> **DATA**:

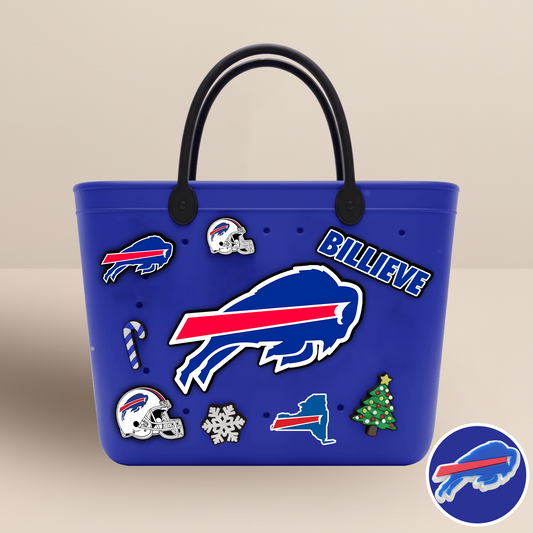BUF x NFL Rubber Tote Bag with Team Charms DATND TANTD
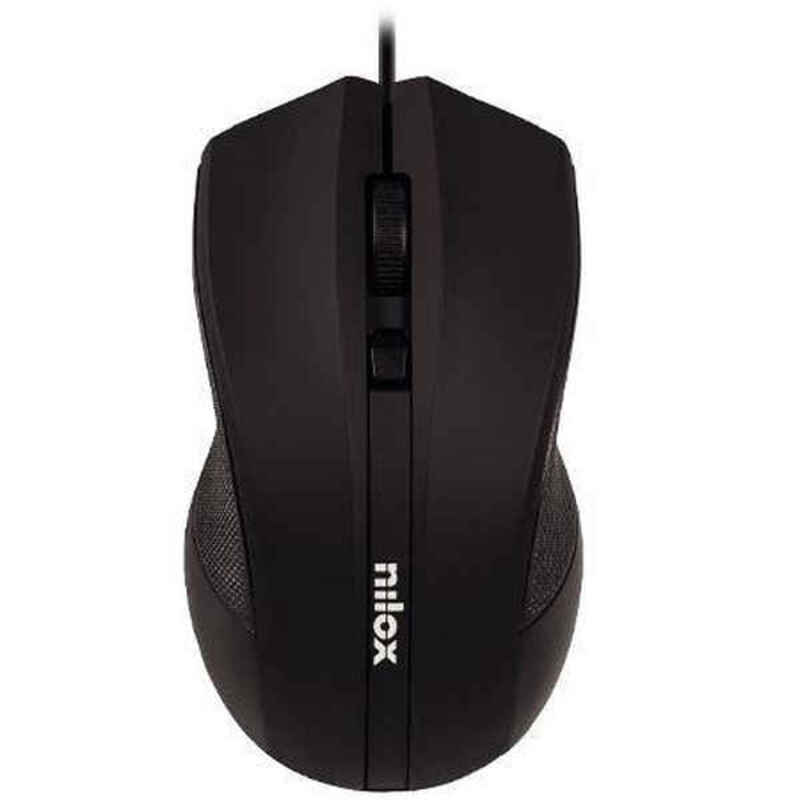 Mouse Nilox RATON Ã“PTICO USB 1600 DPI -NEGRO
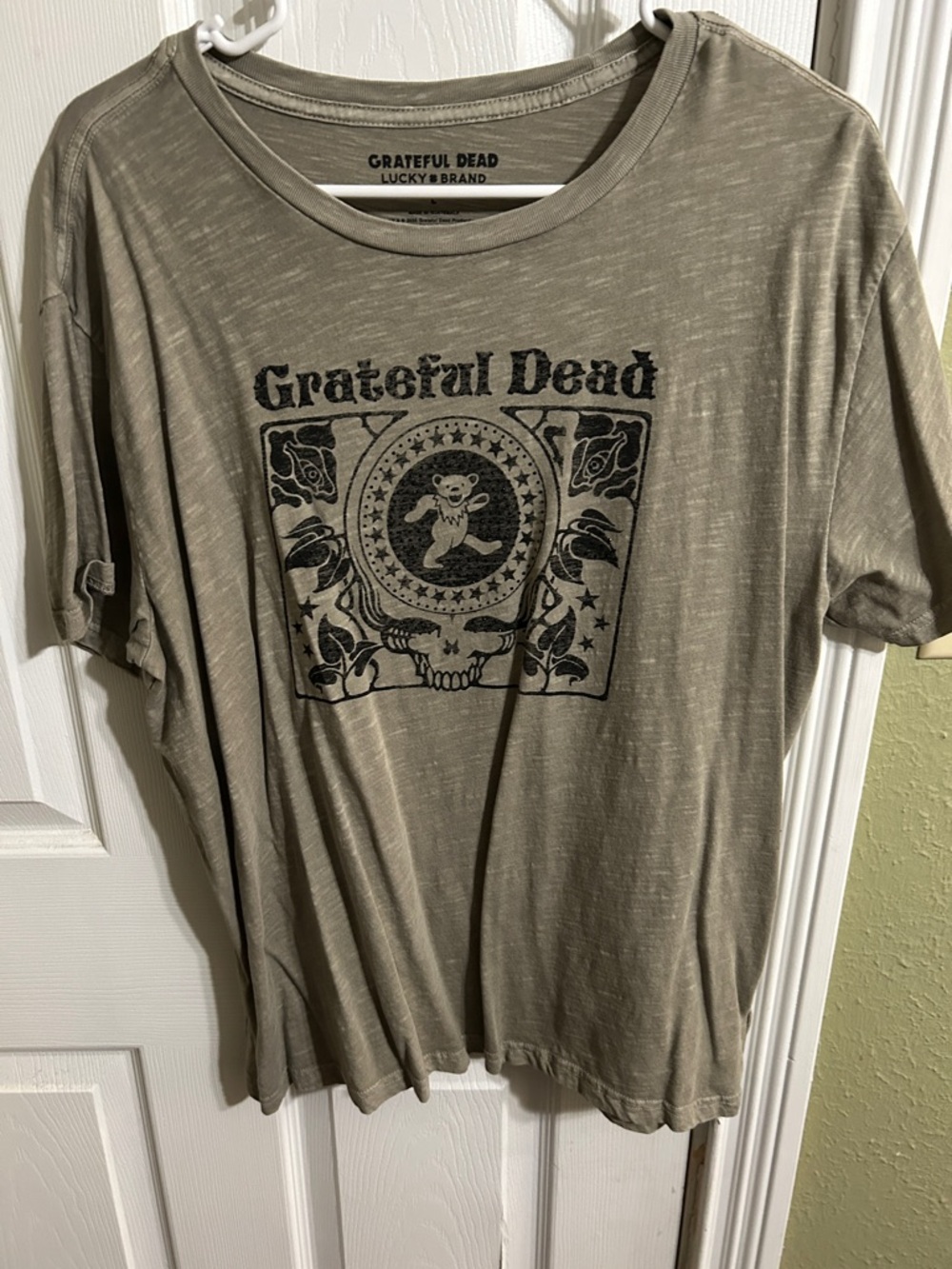 Lucky Brand Olive Green Grateful Dead Graphic Tee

> **ACTIVITY**: Exclude the images, then output the data above word for word.

> **WORKED SOLUTION**:
BUF x NFL Rubber Tote Bag with Team Charms DATND TANTD
 Mouse Nilox RATON Ã“PTICO USB 1600 DPI -NEGRO
 Lucky Brand Olive Green Grateful Dead Graphic Tee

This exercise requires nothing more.